Based on the more than 400 metro areas Redfin surveyed for their latest mortgage data, the company said homebuyer demand was up 16% compared to last fall’s low, and pending sales are not going down as fast as in November.
Mortgage applications, according to the Mortgage Bankers Association, are also increasing. MBA said that as of March 3, applications had gone up 7.4% compared to the week before. The MBA also said mortgage delinquency for multifamily and commercial residences were low, even as loans increased.
“Commercial and multifamily mortgage delinquency rates remained low at the end of 2022,” Jamie Woodwell, MBA’s head of commercial real estate research, said. “There were slight upticks among loans in CMBS, life companies, and banks and decreases for Fannie Mae and Freddie Mac, but the overall performance remained positive.

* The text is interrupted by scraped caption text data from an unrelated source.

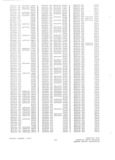 Previous Page - Parts History Catalog P&A 30H January 1973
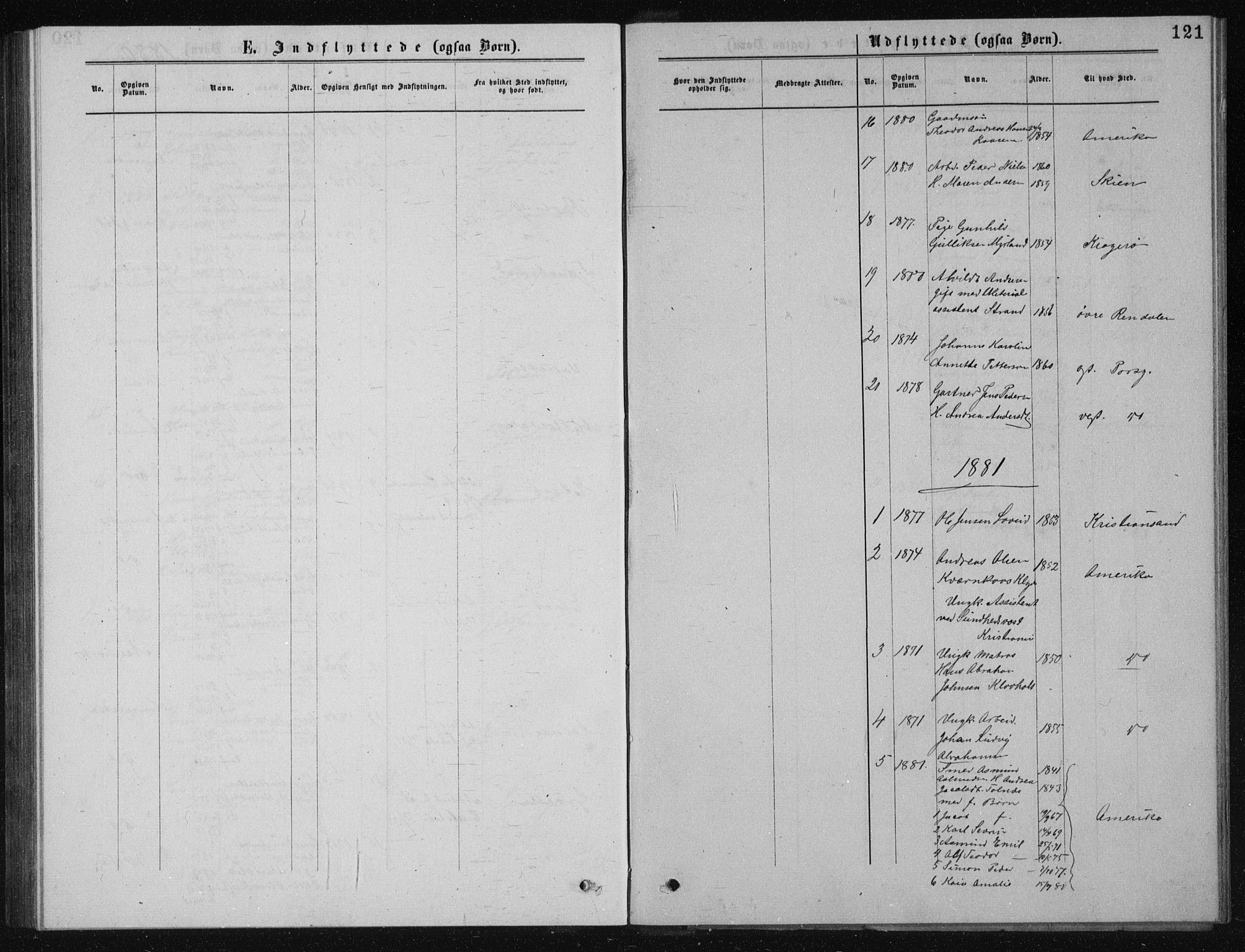 Solum kirkebøker, SAKO/A-306/G/Ga/L0005: Parish register (copy) no. I 5, 1877-1881, p. 121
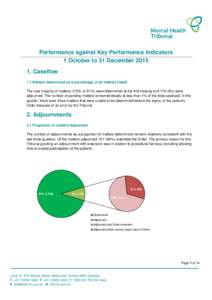 Performance against Key Performance Indicators 1 October to 31 DecemberCaseflow 1.1 Matters determined as a percentage of all matters heard The vast majority of matters (1752, or 91%) were determined at the firs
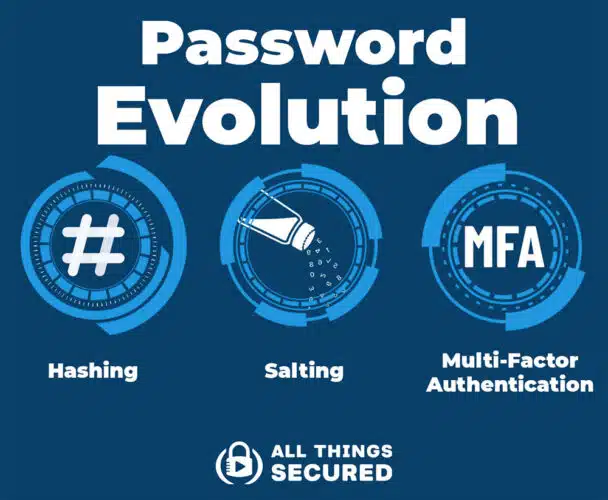 Password evolution, salting, hashing, and MFA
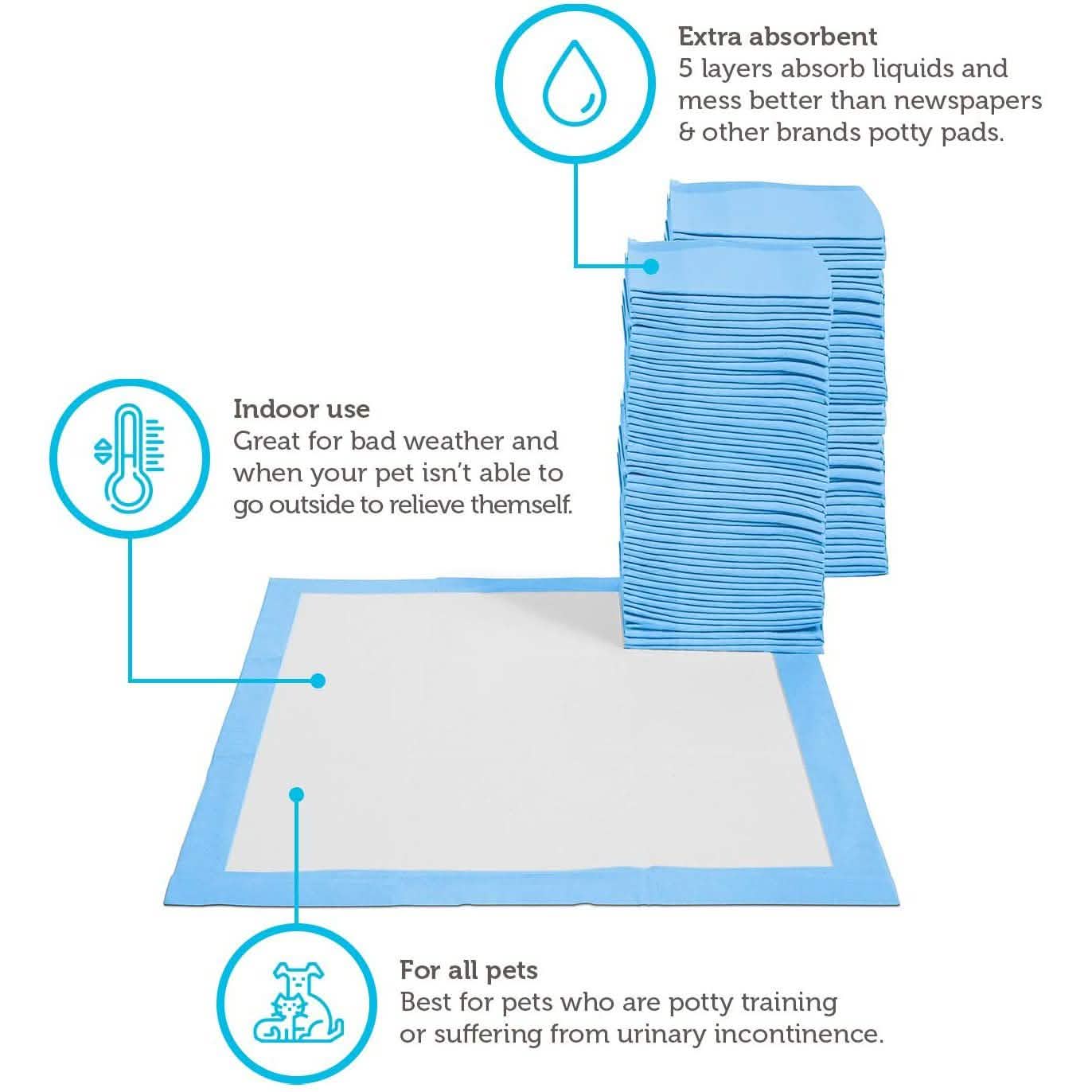 150-Pack: Puppy Pads Dog Pee Pad for Potty Training Dogs & Cats Pet Supplies - DailySale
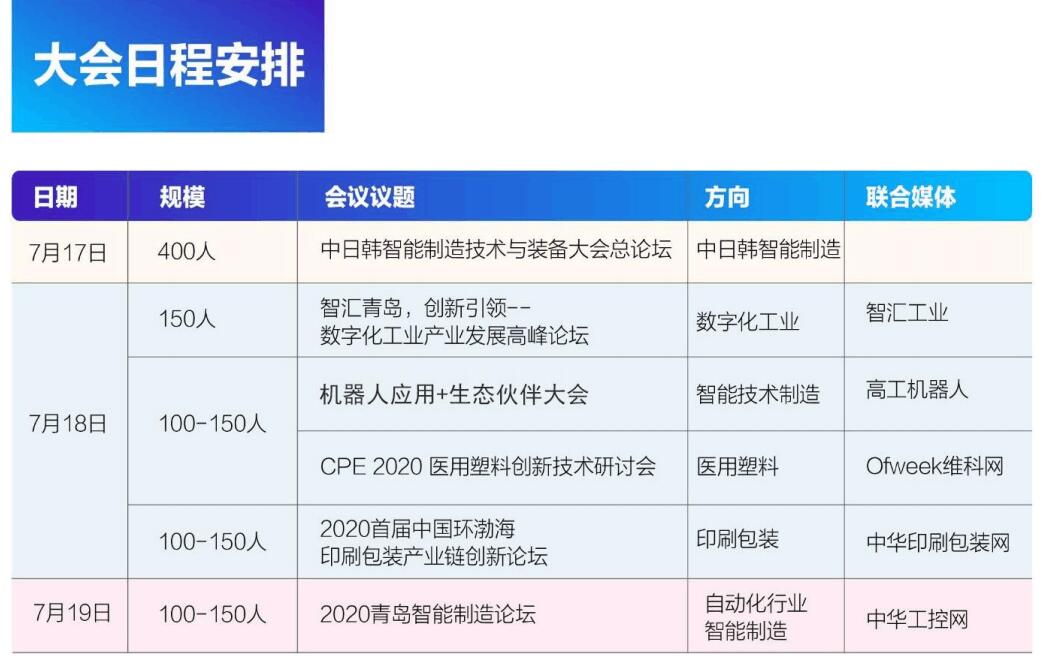 将为市场起到标志性、示范性效应
-双清包税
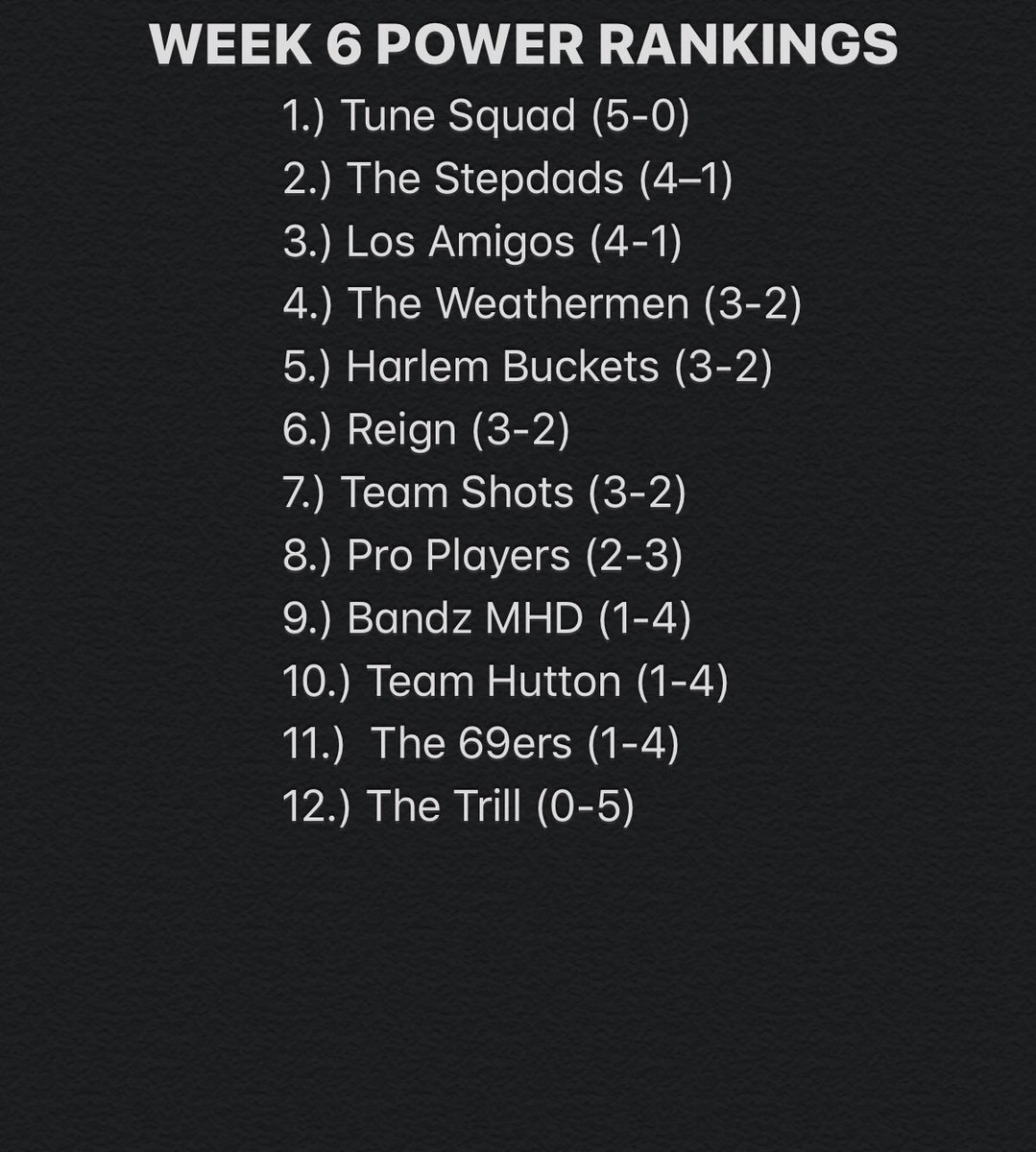 HuntleyRec20's tweet photo. Better late than never!
•@RealWeathermen2 lose 2 in a row😳
•@Tune_Squad_Rec remains solid😎
•@AmigosRec enter Top 3🤟🏼

Enjoy the off week!!! https://t.co/dlIzbNjW7m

It is likely that as higher interest rates and softer property values work through the system this year – prompted by maturing and adjustable-rate loans – loan performance will adjust.”
Still, federally-backed mortgage lender Fannie Mae reported affordability concerns retain their impact as high prices and worries over job security abound for Americans.
“While both components remain positive on net, in February 44% of consumers reported that it’s a bad time to sell a home, up from 39% last month,” Fannie Mae said. “24% expressed concern about losing their job in the next 12 months, up from 18% last month.”
The company’s senior vice president and chief economist, Doug Duncan, said the lower purchase sentiment score was due to caution from current market conditions, driven by “a substantial decrease in consumers’ sense of home-selling conditions.”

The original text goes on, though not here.